Obama Barn by Barack Obama @ flickr

When I was in college my friend Dave and I would often fall asleep at some point during our millionth screening of Braveheart. We would often put the film on after the bars had closed and we had grabbed our drunken treat of the night and were not yet ready for bed. At the time we were training to be Marine officers and very interested in learning what it took to be a good leader. Near the beginning of the film there was a quote which I often thought about (at still think about):

You admire this man, this William Wallace. Uncompromising men are easy to admire. He has courage; so does a dog. But it is exactly the ability to compromise that makes a man noble. And understand this: Edward Longshanks is the most ruthless king ever to sit on the throne of England. And none of us, and nothing of Scotland will remain, unless we are as ruthless. Give ear to our nobles. Knowing their minds is the key to the throne.

We would scoff at this quote. In our youth and lack of exposure to the world we felt that uncompromising was the way of the greatest leaders. That may still be true, but I have learned that it definitely is not true of the greatest rulers. Indeed, the greatest rulers are often those that are the greatest to compromise. Human nature being what it is, you will very rarely have complete agreement with a course of action. Multiply the amount of people a decision will affect and you necessarily multiply the different opinions (both rational and irrational) which will impact your decision before it is taken and laud or critique it after it is taken. This is a fundamental “problem” with ruling in a democracy.

Ryan Lizza has written a fantastically interesting piece for The New Yorker. He dives deeply into a trove of memos which circulated the Obama White House during the first term of that administration. He assembles a very interesting piece which does a great job of detailing the tensions that any President may face. I encourage everyone to read it, here.

It is interesting for me, given my current diaspora state (relatively torn between Europe, America, and Africa), to compare the political processes which take place in a very new, somewhat inchoate democracy – Somaliland – to a very old, overly complex democracy – the US – while comparing both, which I view as an insider, to the relatively “clean” democratic processes that the Europeans embody. One of the difficult things in an independent executive system, where the governing functions of creating laws and putting those laws into action are separated between two branches of government, is that we tend to blame the “big man” for all of the problems. This happens in Somaliland just as often as it happens in the US. The realities of Presidential campaigns often do a disservice by blurring the lines.

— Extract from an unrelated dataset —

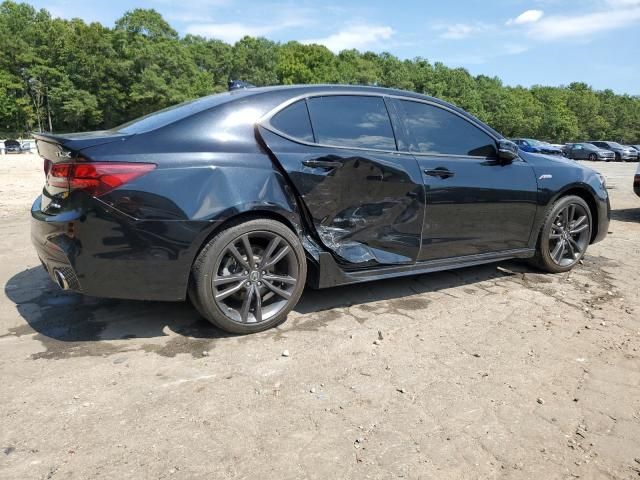 2020 Acura TLX Technology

Much of the debate during a Presidential campaign revolves around big or small policy ideas that the President will have very little to no control over. As I was telling someone the other day, a President has an ability to stop a legislative action it doesn’t want to allow but it has little ability to make a legislative body do something that that body does not want to do. Yet these big policy ideas are a function of modern politics. Firstly they are easier to discuss than the minutae of what a President really does. Secondly, it is a method of acting somewhat uniformly in our very much decentralized system.

Personally, reading the piece shows me what I was hoping to see. A President who has learned how to do what is possibly the most difficult and complex job on the planet. A President who remains willing to make compromises, but also has learned how to work the system. A President who still has standards and struggles to balance a bowing to the political winds with a deep devotion to his ideals.

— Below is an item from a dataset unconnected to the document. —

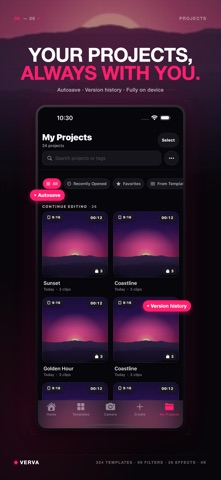 Verva: Video Editor & Maker Screenshot 6 of 6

While Obama cannot get a large piece of greenhouse gas passed through (right now) domestically, he has floated a ton of money for research, innovation, and implementation of greenhouse reduction initiatives in other countries. While Obama faces complete stonewalling from his own legislators on jobs (right now), he has figured out how to incentivize job growth and business creation in other countries with entrepreneurial grants and collaborative agreements dominating much of the AID/DOS grants I’ve seen lately. While Obama cannot push forward comprehensive immigration reform (right now), he has put in place policies which make it much easier to get US visas (while remaining within the legislative caps mandated by various amendments to the Immigration and Nationalization Act) and illegal immigration flows are down – particularly from Mexico. These are largely international examples for a couple of reasons. First it is my area of interest so I follow it closer. Second the President has fundamentally more power over foreign policy than domestic policy. Third, Hillary – despite how divisive she may or may not be – is a brilliant bureaucrat and many of these initiatives are coming from her shop.

No government is perfect, but where the President and his team have a reasonable amount of power I am genuinely pleased with what I see. There’s much to disagree with, but there is much more that I agree with. As we turn towards a full scale assault on us all with respect to choosing our next President one thing I would encourage everyone to do is to not get tricked by the red herrings of advertisements and debates and to focus on what the President can and does actually do on a daily / weekly / monthly / yearly basis. Choose wisely.